Quand Napoléon prit le pouvoir, Gérard était à l'apogée de sa réputation et dans tout l'éclat de son talent. Ses portraits l'avaient rendu célèbre : certains d'entre eux, celui d'Isabey, celui de Brongniart et surtout celui de Madame Récamier l'avaient consacré grand portraitiste. A vrai dire, Gérard ne brillait pas par la vivacité de l'expression ni par la vigueur du modelé ; ses personnages étaient toujours marqués d'une sorte de morbidesse, mais qui se rachetait par une élégance raffinée et par un charme incontestable. Gérard ne sacrifia jamais la ressemblance, mais il possédait un incomparable tour de main pour embellir ses modèles : aussi fut-il le peintre préféré des femmes. La cour l'adopta aussi : il eut à peindre Madame Laetitia, l'impératrice Joséphine et l'Empereur lui-même en costume de gala. Napoléon, qui ne manquait pas de coquetterie, ne fut pas insensible à la flatterie de Gérard qui accentua encore, en l'affadissant il est vrai, la beauté romaine de son visage. Il se montra ravi de son portrait. Il eut alors la singulière idée de vouloir faire de Gérard un peintre de batailles et il le chargea de peindre la Bataille d'Austerlitz. Gérard fit de son mieux : sa composition ne manque ni d'habileté ni d'harmonie, mais on n'y trouve pas cet élan, cette fougue dont Gros animait les siennes ; il n'était pas taillé pour le genre héroïque.

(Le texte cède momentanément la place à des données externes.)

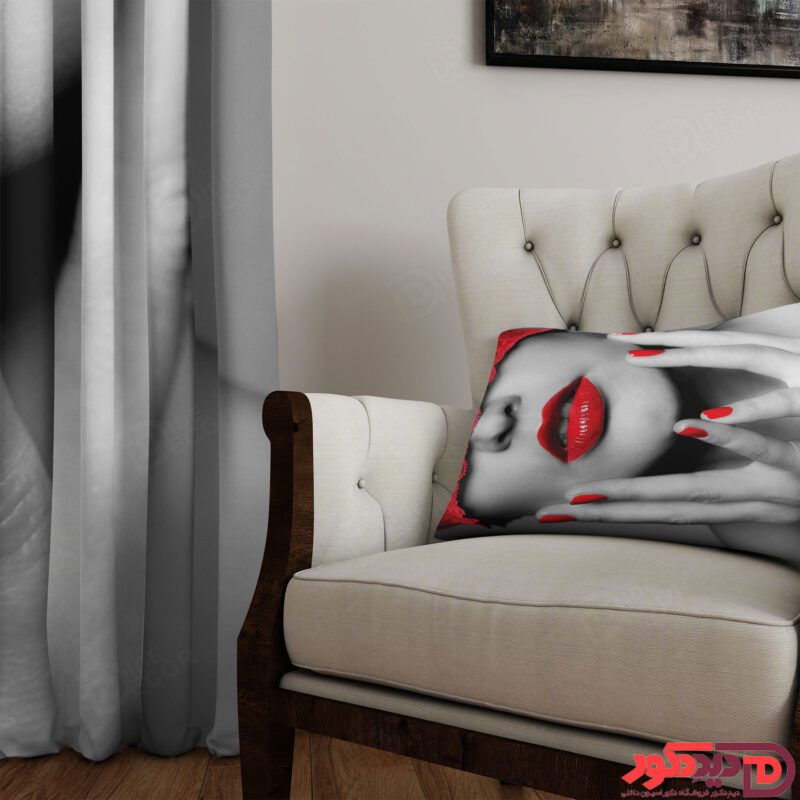 پرده پانچ چهره تصویر صورت زن با آرایش قرمز M-34-2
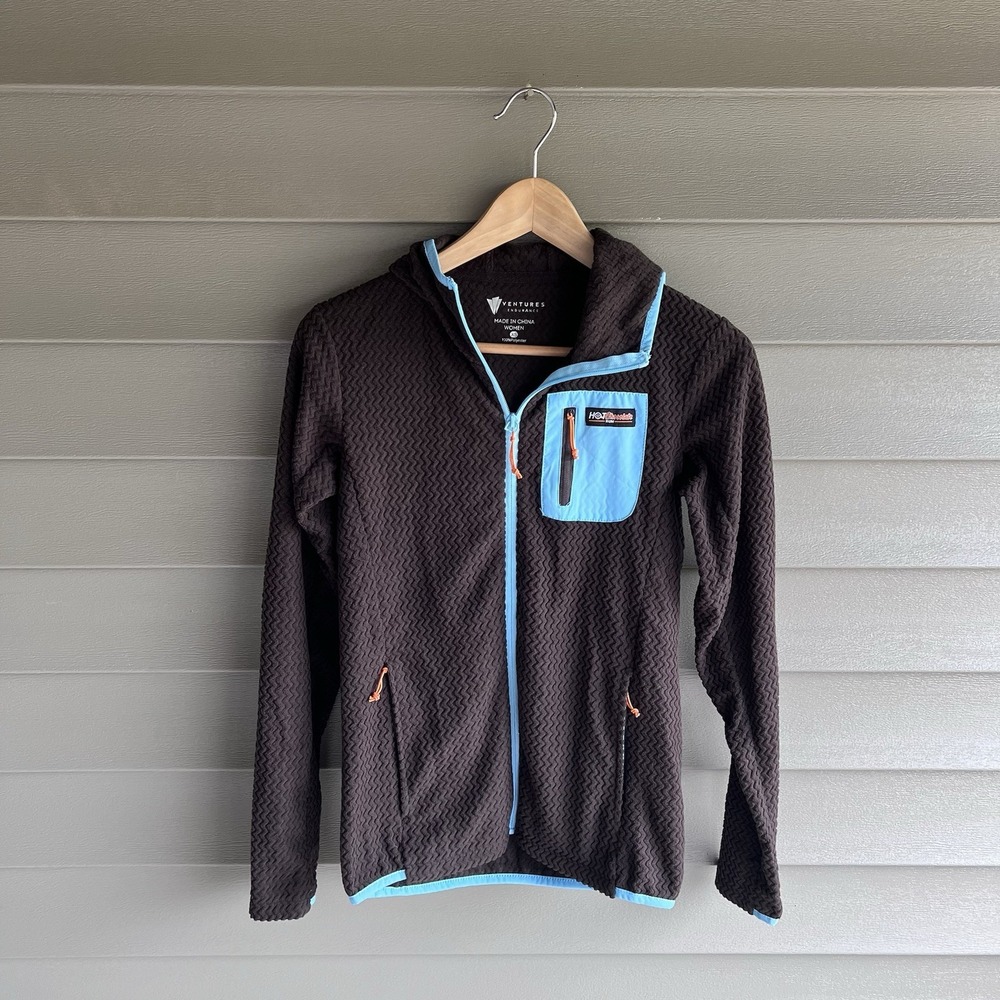 Ventures Endurance Hot Chocolate Run Jacket Womens XS Brown Blue Full Zip
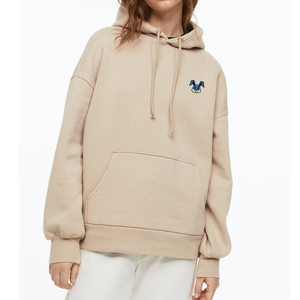 Sweat-shirt à capuche beige surdimensionné pour homme, coupe ample, manches classiques, poche avant, logo personnalisé, brodé, uni, hiver - Product Image 3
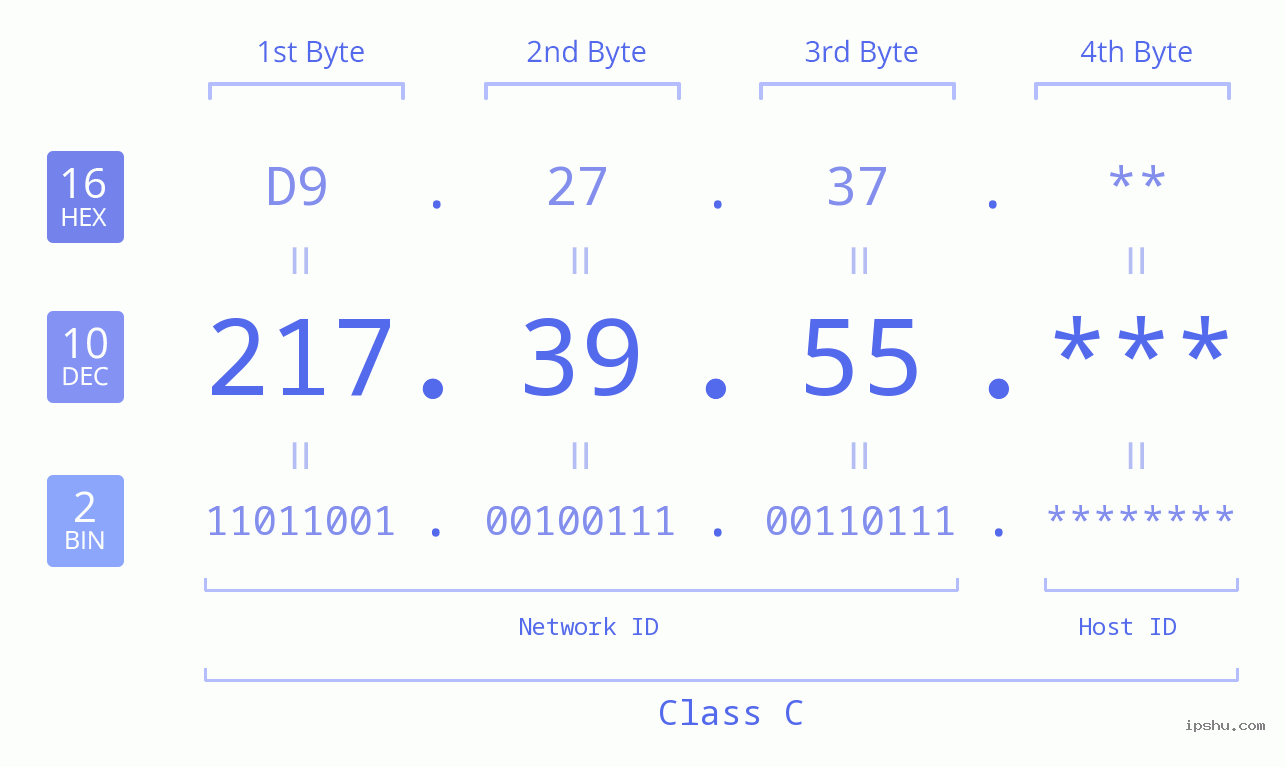 IP Address: 217.39.55 Data Structure Chart BIN DEC HEX IPv4: 217.39.55 Network Class, Net ID, Host ID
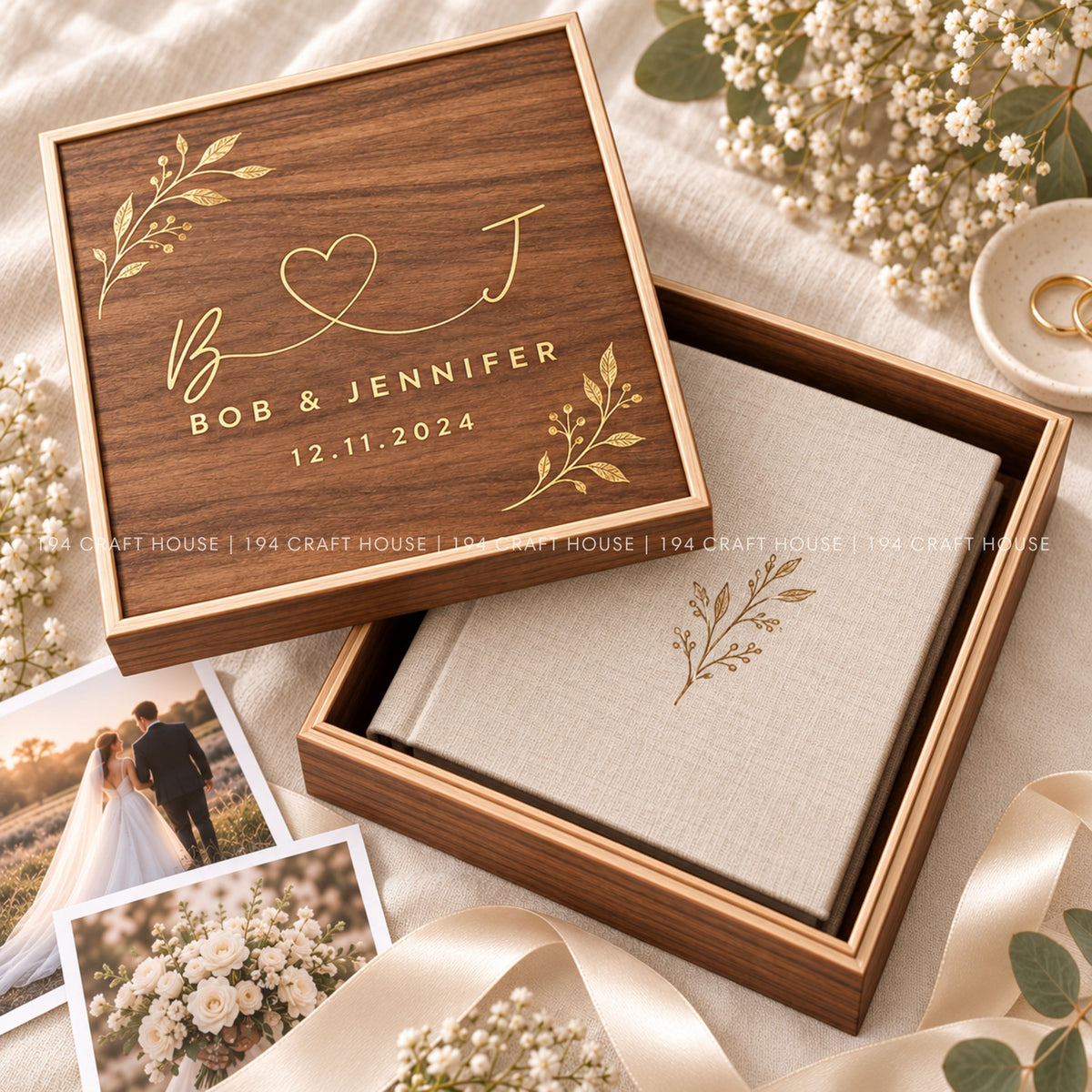 Personalized Walnut Wedding Keepsake Box, Custom Photo Album Box, Engraved Memory Box, Wedding Gift, Gold Foil Photo Storage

La chute de l'Empire ne porta aucune atteinte à sa faveur, qui s'accrut encore avec la Restauration. Il devint le peintre de la famille royale, comme il avait été celui de la famille impériale. Il reçut le titre de premier peintre du roi et fut créé baron en 1819.
Malgré la gloire dont il jouit de son vivant, Gérard n'égale pas les autres grands peintres de son époque ; il ne vient qu'assez loin derrière David, Gros et Prud'hon. Il n'en est pas moins un artiste délicat et gracieux, les chairs de ses personnages ont des teintes ivoirines très plaisantes, mais qu'il poussa parfois jusqu'à l'exagération. Quelques-unes de ses toiles, comme Psyché, sont de tout premier ordre.
Psyché recevant le premier baiser de L'Amour parut au Salon de 1798. Il fut payé 6.000 francs au peintre en 1801, puis acheté par l'État pour 28.100 francs en 1822, à la vente du baron Rapp.
Hauteur : 186 cm – Largeur : 132 cm.